How do I find the failing test case when LeetCode doesn't show it?
Generate edge cases systematically using the checklist above. Most hidden test failures are predictable edge cases, not random inputs.

Should I always fix bugs before understanding them?
No. Understand why it failed first, then fix. Otherwise, you might introduce new bugs or create fixes that only work by coincidence.

What if my solution times out on later test cases but logic is correct?
That's a complexity issue, not a correctness issue. Your algorithm works but is too slow. You need a more efficient approach, not bug fixes.

How do I know if it's an edge case bug vs. a fundamental algorithm flaw?
Passing 80%+ of tests usually indicates edge case issues. Passing under 50% suggests algorithm problems. If the sample cases work but hidden ones fail, it's almost always edge cases.

My code works in my local environment but fails on LeetCode. Why?
Common causes: different language versions, global variables not reset between tests, or relying on uninitialized default values that differ between environments.

Conclusion

Partial test failures are frustrating but predictable. Most come from a small set of causes: edge cases (empty, single element), boundary values (max/min), off-by-one errors, and initialization bugs.

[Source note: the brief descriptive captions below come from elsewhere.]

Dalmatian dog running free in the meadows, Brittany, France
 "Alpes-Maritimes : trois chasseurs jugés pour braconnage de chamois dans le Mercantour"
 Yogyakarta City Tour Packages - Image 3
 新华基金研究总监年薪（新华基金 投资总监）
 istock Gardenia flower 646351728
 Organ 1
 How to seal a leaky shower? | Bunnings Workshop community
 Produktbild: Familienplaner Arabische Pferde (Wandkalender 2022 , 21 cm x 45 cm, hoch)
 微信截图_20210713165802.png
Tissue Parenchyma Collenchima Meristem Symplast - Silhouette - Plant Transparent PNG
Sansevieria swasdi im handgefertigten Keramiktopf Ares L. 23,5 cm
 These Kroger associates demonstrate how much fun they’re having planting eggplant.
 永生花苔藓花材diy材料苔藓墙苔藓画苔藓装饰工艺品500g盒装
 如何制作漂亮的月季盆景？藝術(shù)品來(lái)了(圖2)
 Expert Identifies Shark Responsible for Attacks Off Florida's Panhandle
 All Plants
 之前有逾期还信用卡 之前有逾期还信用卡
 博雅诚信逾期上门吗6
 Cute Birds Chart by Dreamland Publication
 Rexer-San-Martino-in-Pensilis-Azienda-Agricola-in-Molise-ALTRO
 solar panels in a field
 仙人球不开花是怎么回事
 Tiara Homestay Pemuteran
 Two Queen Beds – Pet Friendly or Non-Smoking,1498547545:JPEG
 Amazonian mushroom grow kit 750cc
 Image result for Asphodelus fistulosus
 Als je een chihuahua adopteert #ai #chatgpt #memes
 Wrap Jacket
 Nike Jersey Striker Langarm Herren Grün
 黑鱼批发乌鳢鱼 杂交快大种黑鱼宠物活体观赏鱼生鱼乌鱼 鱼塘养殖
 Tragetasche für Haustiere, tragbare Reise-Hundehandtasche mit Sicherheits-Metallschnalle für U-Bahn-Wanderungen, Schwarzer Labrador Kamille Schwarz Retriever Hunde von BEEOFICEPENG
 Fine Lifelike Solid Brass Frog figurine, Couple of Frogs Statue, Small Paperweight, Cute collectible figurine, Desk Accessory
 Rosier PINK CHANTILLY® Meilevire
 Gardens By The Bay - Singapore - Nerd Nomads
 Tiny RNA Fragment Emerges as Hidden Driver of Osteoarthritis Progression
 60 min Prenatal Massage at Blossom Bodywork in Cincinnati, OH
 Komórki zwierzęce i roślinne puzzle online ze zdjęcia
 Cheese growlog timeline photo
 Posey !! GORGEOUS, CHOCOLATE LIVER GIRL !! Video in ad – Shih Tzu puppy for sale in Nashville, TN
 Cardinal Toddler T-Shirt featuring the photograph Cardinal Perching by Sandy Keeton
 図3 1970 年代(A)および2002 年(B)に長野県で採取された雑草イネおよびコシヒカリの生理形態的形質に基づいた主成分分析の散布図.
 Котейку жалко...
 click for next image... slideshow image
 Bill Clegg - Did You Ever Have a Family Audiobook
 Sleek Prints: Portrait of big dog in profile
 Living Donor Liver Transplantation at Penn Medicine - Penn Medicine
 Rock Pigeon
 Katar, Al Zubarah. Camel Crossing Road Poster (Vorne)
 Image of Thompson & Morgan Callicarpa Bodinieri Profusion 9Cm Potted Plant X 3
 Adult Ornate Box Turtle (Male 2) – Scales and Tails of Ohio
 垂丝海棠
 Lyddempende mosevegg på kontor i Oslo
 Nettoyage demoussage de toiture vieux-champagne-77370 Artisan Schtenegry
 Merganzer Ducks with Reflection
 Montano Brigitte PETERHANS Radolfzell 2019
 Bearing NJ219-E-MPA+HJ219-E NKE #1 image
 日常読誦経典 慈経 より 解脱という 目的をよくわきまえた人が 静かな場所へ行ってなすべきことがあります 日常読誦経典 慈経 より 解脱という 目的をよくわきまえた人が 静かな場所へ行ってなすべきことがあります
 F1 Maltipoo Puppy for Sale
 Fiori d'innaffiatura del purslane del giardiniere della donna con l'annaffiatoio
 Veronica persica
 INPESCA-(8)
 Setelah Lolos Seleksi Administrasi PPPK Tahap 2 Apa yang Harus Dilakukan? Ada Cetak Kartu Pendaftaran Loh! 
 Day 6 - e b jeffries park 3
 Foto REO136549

The key is systematic debugging rather than random guessing. Generate edge cases before submitting, check your loop bounds and comparison operators, and trace through failing inputs manually.

When you develop the habit of pre-testing edge cases and auditing common bug locations, partial failures become rare. And when they do happen, you'll know exactly where to look.

The next time your solution passes "most" tests, don't despair—treat it as useful information. Those failing tests are telling you exactly what your code doesn't handle. Listen to them, fix the gaps, and watch your acceptance rate climb.